This Before-and-after Controlled Study study evaluates the clinical impact of parathyroid autofluorescence visualization using near infrared light (NIR) during total thyroidectomy (TT).

It compares two groups of consecutive patients who underwent TT associated or not to lymph node dissection (LND) with and without intraoperative use of NIR, by the same surgeon.

Detailed Description

Total thyroidectomy (TT) is responsible for postoperative hypocalcemia in 20-30% of patients, which is definitive in 1-4% of operated patients (1).

This complication is mainly due to surgery-induced parathyroid dysfunction, which could be improved by a better intraoperative identification of the parathyroids.

Intraoperative parathyroid auto-fluorescence visualization (without any dye injection) using near infrared light (NIR) is an emerging technique, which allows correct identification of normal parathyroids in almost all cases (2), but the clinical impact of NIR is unknown.

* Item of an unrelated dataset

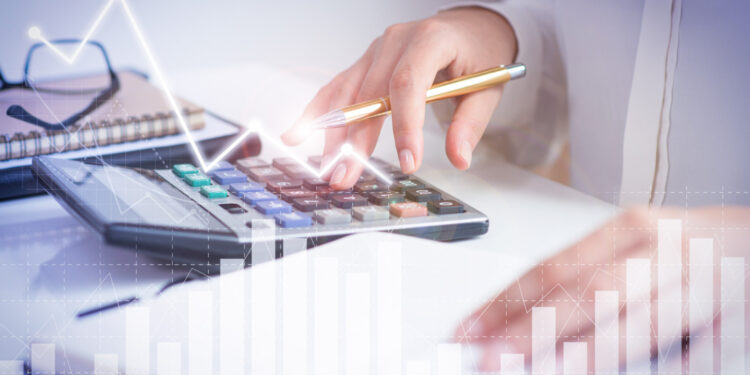 Um terço dos brasileiros investe em produtos financeiros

The main objective of this study is to assess the impact of intraoperative use of NIR camera on postoperative hypocalcemia. Secondary objectives are to assess the impact of NIR on the visualization, autotransplantation and inadvertent resection rates during TT.

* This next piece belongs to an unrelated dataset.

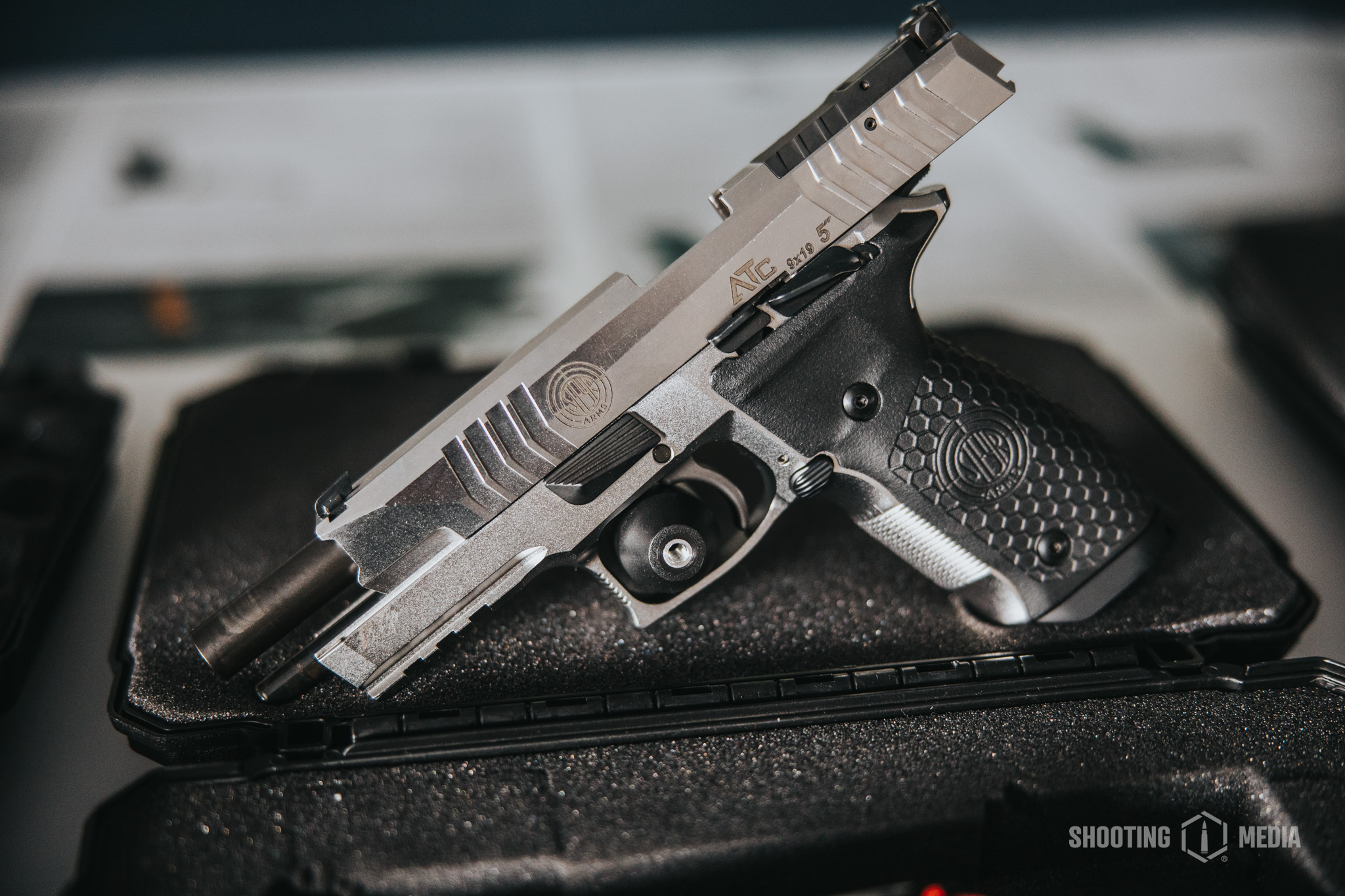 Polska premiera pistoletu Steyr AT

The investigators compare 2 groups of patients operated by one surgeon during 2 consecutive but distinct periods (before and after the use of NIR) with control groups operated by another surgeon during the same periods. This study is observational since there was no predefined protocol nor sample size calculation of study groups prior to data collection.

Recruitment & Eligibility

Status
COMPLETED
Sex
All
Target Recruitment
297
Inclusion Criteria
  • All patients who underwent one-stage total thyroidectomy, associated or not to lymph node dissection (TT +/- LND)
Exclusion Criteria
  • Combined parathyroid and thyroid disease (including patients with enlarged parathyroids incidentally found during surgery and resected)

Study & Design

Study Type
OBSERVATIONAL
Study Design
Not specified
Primary Outcome Measures
NameTimeMethod
Postoperative hypocalcemia6 months

Postoperative day 1 and day 2 corrected calcemia(hypocalcemia when calcemia \<2mmol/l). If hypocalcemia, calcium is measured at 1 month and 6 months

Secondary Outcome Measures
NameTimeMethod
number of identified parathyroidsimmediate (intraoperative)
number of autotransplantated parathyroidsimmediate (intraoperative)

when parathyroids are impossible to preserve in situ, they are fragmented and inserted in the sternocleidomastoid muscle

number of inadvertently resected parathyroidswithin 15 days after surgery (time to complete pathology examination)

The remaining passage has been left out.